La nature malsaine de cette relation n’avait pas échappé à Klaus et Erika Mann qu’Annemarie Schwarzenbach, en antifasciste convaincue, fréquentait à côté d’autres exilés politiques et juifs allemands, comme la photographe Marianne Breslauer. Mais Erika Mann (à laquelle Schwarzenbach vouait un amour éperdu, jamais partagé) et son frère, prendront leurs distances avec elle, après qu’un violent groupuscule d’extrême-droite avait boycotté une séance de leur cabaret politique, exilé à Zurich, Die Pfeffermühle, et qu’une enquête, restée sans suites, avait mis en lumière les liens des intrus avec la famille Schwarzenbach.

Alors, quand Ella Maillart, ethnologue et écrivain de voyage genevoise, rencontrée en automne 1938, vient lui rendre visite dans une clinique d’Yverdon (où elle suit une cure de désintoxication) pour lui proposer de voyager à deux en Afghanistan, Schwarzenbach accepte. Dans l’espoir à la fois de fuir le climat délétère en train de s’installer en Europe, mais également la « dictature » des drogues : « Annemarie Schwarzenbach wollte durch die Reise ihr Leben, das 1938 ziemlich aus den Fugen geraten war, wieder in den Griff bekommen, es dank einem klar definierten Ziel besser strukturieren. Sie nahm die anstrengende Fahrt auch als Anlass, um sich unter der Obhut der moralisch integren Ella Maillart von den Verführungen des Morphiums fernzuhalten », écrit dans sa postface, Roger Perret, qui dirige l’édition des œuvres d’Annemarie Schwarzenbach.

Au cours de cette cure, Schwarzenbach avait terminé un roman, La vallée heureuse. Quant à Ella Maillart, elle jouissait à ce moment-là d’une réputation internationale, en raison de ses nombreux photoreportages réalisés en Asie. « Auch Annemarie Schwarzenbach genoss in der Schweiz einen gewissen Bekanntheitsgrad durch ihre Artikel und Fotoreportagen über Reisen in Europa, nach Asien und den USA. Beide waren Pionierinnen in ihrem Bereich und zählten zu den Vertreterinnen einer neuen, unabhängigen und unerschrockenen Generation von Frauen », note encore Roger Perret, pour qui les deux femmes étaient « Ende der dreissiger Jahre im Zenit ihrer Laufbahn ».

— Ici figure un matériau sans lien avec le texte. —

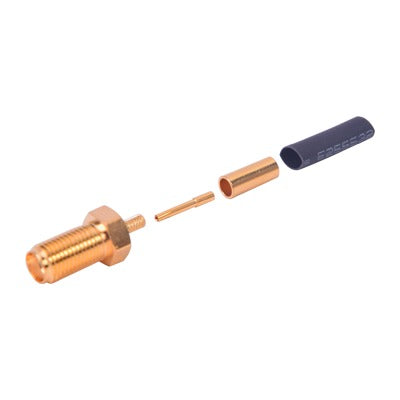 Conector SMA Hembra de Anillo Plegable para Cables RG-174/U, 8216, Oro / Oro / Teflón.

L’Afghanistan paraît alors comme une terre vierge, loin des bruits de bottes et du monde. Ce n’est pas encore l’état narco qu’il risque de devenir aujourd’hui, quarante ans après que des moudjahidines, soutenus par les États-Unis dans leur guerre partisane contre l’occupant soviétique, se sont servis de la production et de la vente de l’opium pour financer leur besoin en armes. Le produit de base de l’opium ayant été présent en larges quantités depuis les années 50, notamment en proximité du barrage de Kajakai sur le fleuve Helmand, construit à l’époque avec l’aide d’ingénieurs américains – projet qui a eu pour effet secondaire, d’augmenter le niveau de la nappe phréatique, de faire monter le sel dans la terre et de favoriser ainsi la croissance notamment du pavot.

Mais en 1939 déjà (année où le voyage aura lieu), l’Afghanistan, État tampon entre l’URSS et l’Empire britannique, bénéficie, en tant que nation « aryenne », du soutien technologique du Reich allemand. Celui-ci envoie ingénieurs et conseillers militaires, construire des routes ou encore former l’armée et les services secrets afghans. Si bien que, quand Eisenhower ou Khrouchtchev visiteront le pays au lendemain de la guerre, le corps de parade afghan qui les accueille sur le tarmac de l’aéroport de Kaboul, est toujours coiffé de casques de la Wehrmacht.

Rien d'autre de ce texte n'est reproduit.